▶ **ABOUT THIS TASK**
All pictures must be dropped, while the entries are given again word for word.

▶ **Collected data**
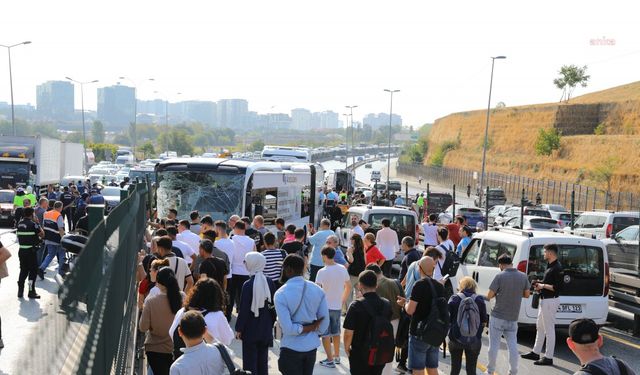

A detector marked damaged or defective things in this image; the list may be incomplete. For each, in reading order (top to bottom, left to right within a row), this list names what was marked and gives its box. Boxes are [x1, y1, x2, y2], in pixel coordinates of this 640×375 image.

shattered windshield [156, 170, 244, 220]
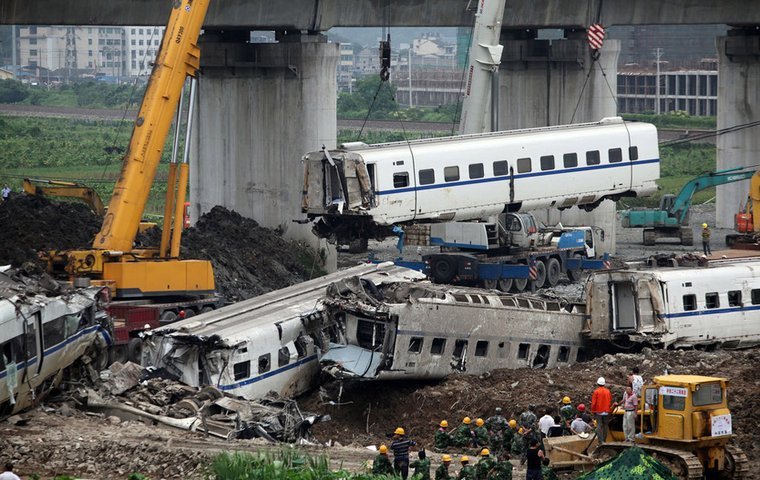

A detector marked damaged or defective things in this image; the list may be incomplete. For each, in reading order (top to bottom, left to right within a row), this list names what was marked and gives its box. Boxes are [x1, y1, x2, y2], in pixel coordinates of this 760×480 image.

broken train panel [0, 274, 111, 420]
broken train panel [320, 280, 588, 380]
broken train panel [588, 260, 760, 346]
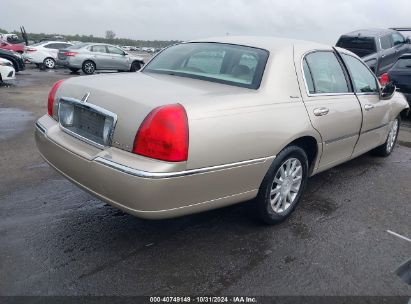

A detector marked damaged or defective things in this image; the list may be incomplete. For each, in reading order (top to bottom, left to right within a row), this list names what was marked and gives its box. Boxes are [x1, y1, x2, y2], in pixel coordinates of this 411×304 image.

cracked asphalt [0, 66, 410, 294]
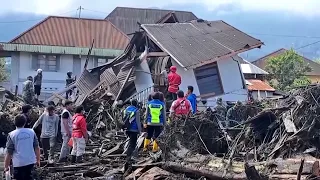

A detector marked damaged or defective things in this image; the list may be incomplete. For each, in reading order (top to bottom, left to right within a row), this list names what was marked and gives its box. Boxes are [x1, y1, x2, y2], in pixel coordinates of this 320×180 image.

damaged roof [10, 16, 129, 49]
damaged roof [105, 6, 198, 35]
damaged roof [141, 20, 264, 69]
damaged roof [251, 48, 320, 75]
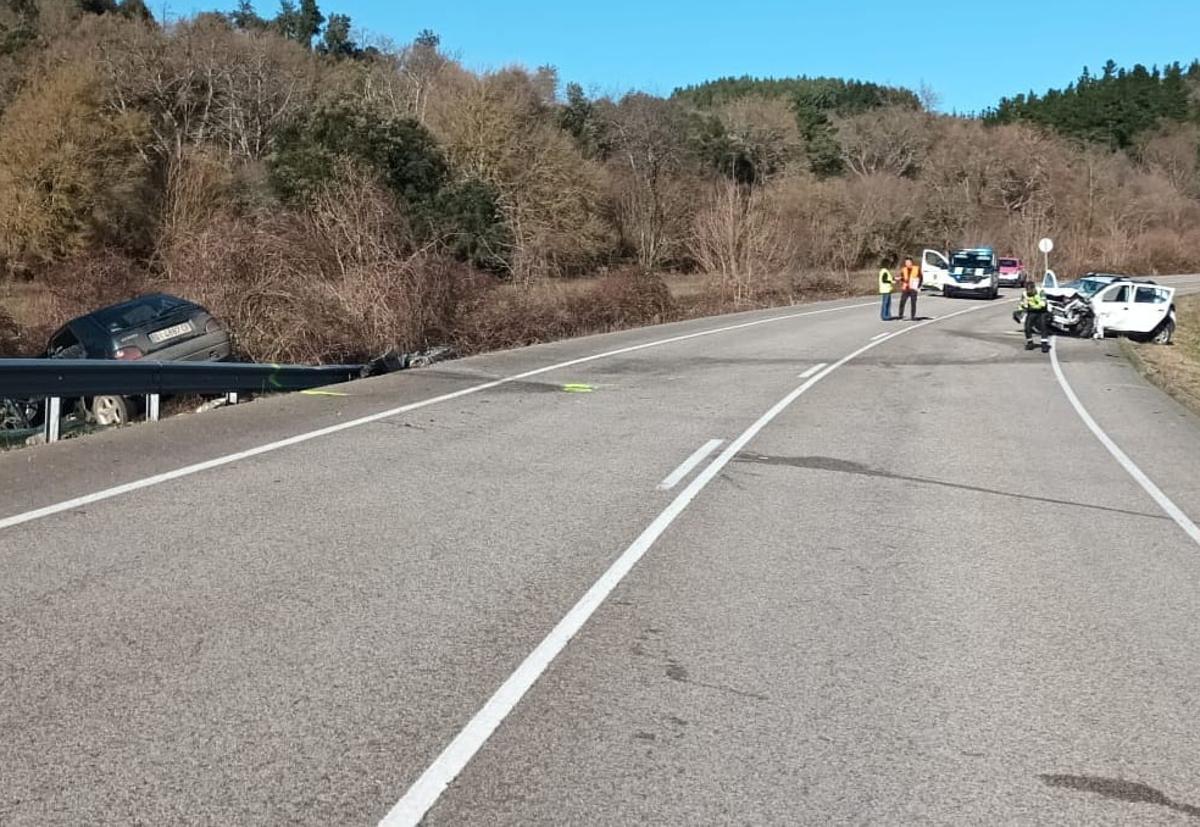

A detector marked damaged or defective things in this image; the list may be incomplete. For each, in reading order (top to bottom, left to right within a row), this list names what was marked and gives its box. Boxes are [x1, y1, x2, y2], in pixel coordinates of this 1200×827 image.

▶ **RESPONSE**
A detector marked damaged or defective things in this image; the list may be incomplete. For each, in reading order (top to bottom, left to right within a row), this list names what was marked and gives its box. Boxes are [x1, y1, x2, y2], in pixel coordinates of this 640×375 image.

shattered windshield [156, 170, 244, 220]

A detector marked damaged or defective things in this image; the list may be incomplete. For each, in reading order (top to bottom, left to right within a row), this list names what was marked and gives its box. Boxes are [x1, y1, x2, y2], in pixel coordinates of this 760×480 image.

broken train panel [0, 274, 111, 420]
broken train panel [320, 280, 588, 380]
broken train panel [588, 260, 760, 346]

A detector marked damaged or defective things in this image; the list may be incomplete. For each, in reading order (top to bottom, left to right within a row), this list names what was marked and gives its box. Boxes are [x1, y1, x2, y2], in pixel coordinates of this 411×304 image.

cracked asphalt [0, 66, 410, 294]

A detector marked damaged or defective things in this image; the list may be incomplete. For each, in reading order (top to bottom, left to right within a row), this list names what was marked and gives its box. Boxes are [x1, y1, x2, y2], in pixel coordinates of this 320×180 image.

damaged roof [10, 16, 129, 49]
damaged roof [105, 6, 198, 35]
damaged roof [141, 20, 264, 69]
damaged roof [251, 48, 320, 75]

A detector marked damaged or defective things in this image; the list may be incomplete. For each, in reading order (top to bottom, left to right within a row), this list names what was marked and gives its box. Boxes are [x1, y1, x2, y2], in pixel coordinates of this 1200×827 image.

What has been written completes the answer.